SPPG Tapango Banatorejo berada di bawah naungan Yayasan Masa Depan Bangsa Sulbar dan dipimpin oleh Solikah, S.P sebagai Kepala SPPG, dengan alamat operasional di Jl. Poros Tapango–Matangga, Desa Banatorejo. Melalui dapur layanan ini, ribuan porsi makanan bergizi disiapkan setiap hari bagi para penerima manfaat.
Menjawab pertanyaan publik terkait siapa yang bekerja di dapur—mulai dari memasak, mencuci, hingga pengemasan—pihak SPPG menegaskan bahwa tenaga operasional bukan pegawai Badan Gizi Nasional (BGN). Seluruh aktivitas dijalankan oleh relawan lokal dengan sistem piket dan pembagian tugas.
Para relawan tersebut mulai bekerja sejak pukul 01.00 WITA hingga sekitar pukul 17.00 WITA, menyesuaikan dengan jadwal piket dan tanggung jawab masing-masing. Pola kerja ini memastikan seluruh proses, dari pengolahan hingga distribusi, berjalan tepat waktu dan sesuai standar.
Selain dampak gizi, SPPG Tapango Banatorejo juga menghadirkan manfaat ekonomi langsung. Dari total 47 relawan yang terlibat, tujuh orang berasal dari kelompok ekonomi menengah ke bawah, yang kini memiliki ruang kerja produktif melalui program MBG.

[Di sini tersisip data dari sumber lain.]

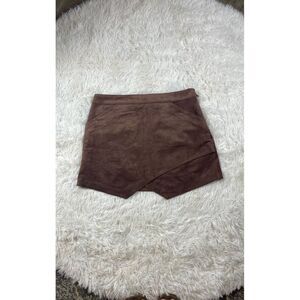 bcbgmaxazria suede look skirt Sz 6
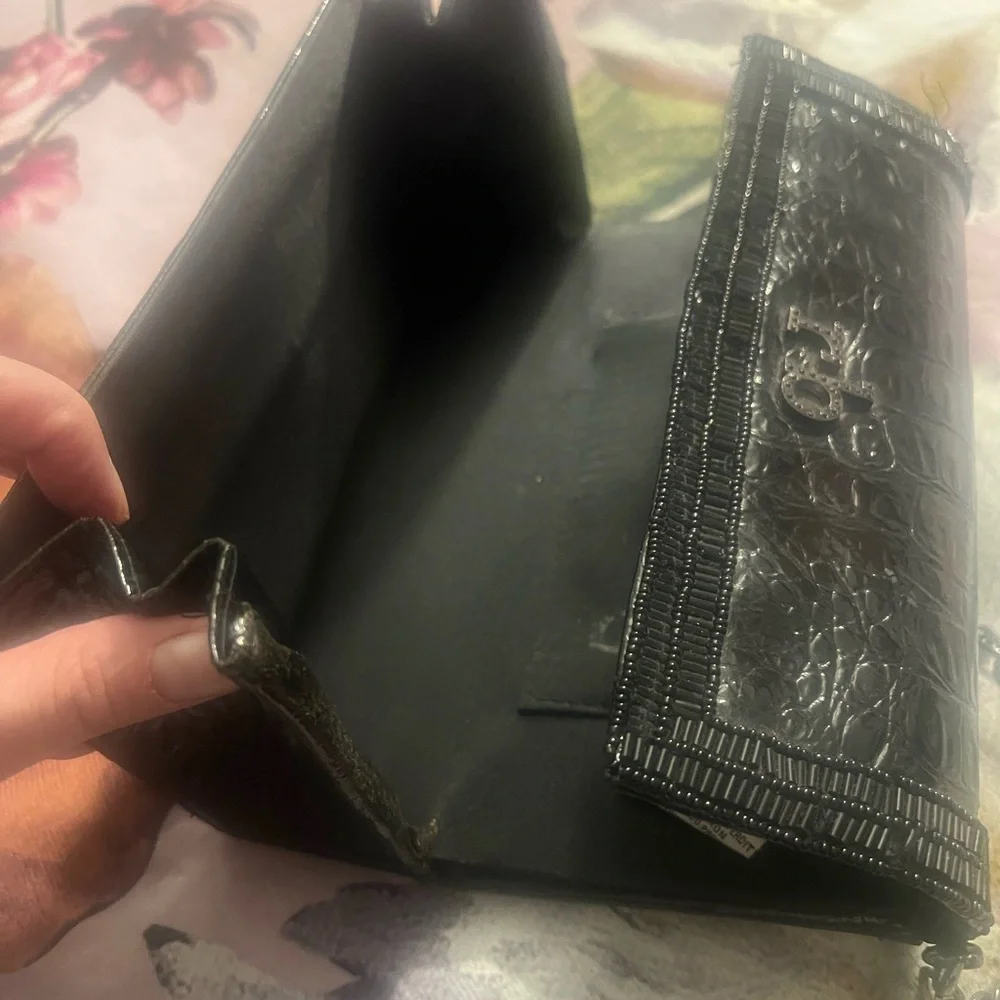 Elegant Black Croc-Embossed Chain Bag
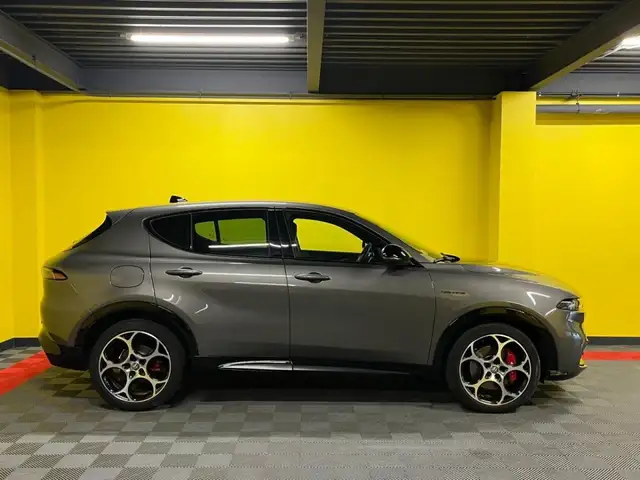 Alfa Romeo Tonale view 2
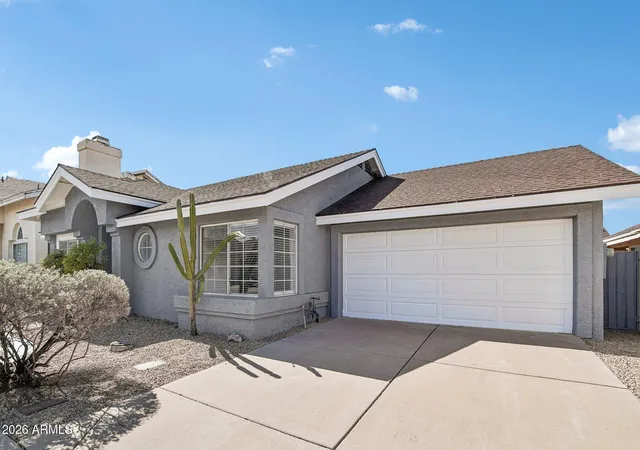 2nd image of 1029 E Annette Dr, Phoenix, AZ 85022 | MLS# 7057505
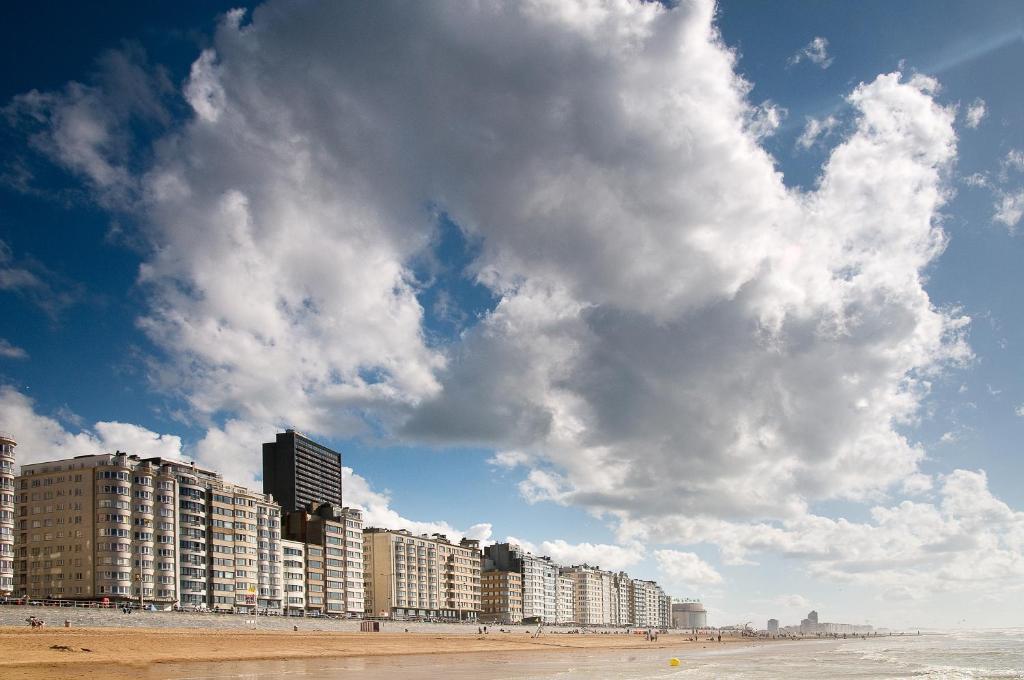 Hotel Royal Astrid Ostende Exterior foto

Di balik angka-angka tersebut, tersimpan kisah kemanusiaan yang kuat. Salah satu relawan perempuan harus bekerja sambil mengasuh anaknya yang memiliki keterbatasan fisik. Sebelumnya, anak tersebut dijaga oleh satu-satunya anggota keluarga yang masih bisa membantu. Namun setelah musibah meninggal dunia, ia tidak lagi memiliki tempat menitipkan anaknya saat bekerja.
Dalam kondisi tersebut, Kepala SPPG Solikah, S.P mengambil langkah solutif dengan menyediakan ruang khusus bagi anak relawan tersebut di area dapur. Kebijakan ini memungkinkan sang ibu tetap bekerja tanpa harus meninggalkan anaknya, sekaligus menjaga keberlanjutan tugas pelayanan.

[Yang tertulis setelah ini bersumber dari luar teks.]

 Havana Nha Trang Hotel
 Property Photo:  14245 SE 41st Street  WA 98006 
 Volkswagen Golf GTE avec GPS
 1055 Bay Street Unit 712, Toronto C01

Langkah tersebut menegaskan bahwa pelaksanaan Program MBG di SPPG Tapango Banatorejo tidak semata berorientasi pada pemenuhan gizi, tetapi juga menjunjung nilai kepedulian sosial, inklusivitas, dan keberpihakan kepada kelompok rentan. Di sisi lain, kebutuhan bahan pangan dapur turut menggerakkan sektor pertanian dan usaha lokal, sehingga manfaat program dirasakan secara berlapis oleh masyarakat.
Melalui keterlibatan relawan, pengelolaan yang disiplin, serta kepekaan terhadap persoalan sosial, SPPG Tapango Banatorejo menunjukkan bahwa gizi dan kemanusiaan dapat berjalan beriringan dalam satu program pelayanan publik.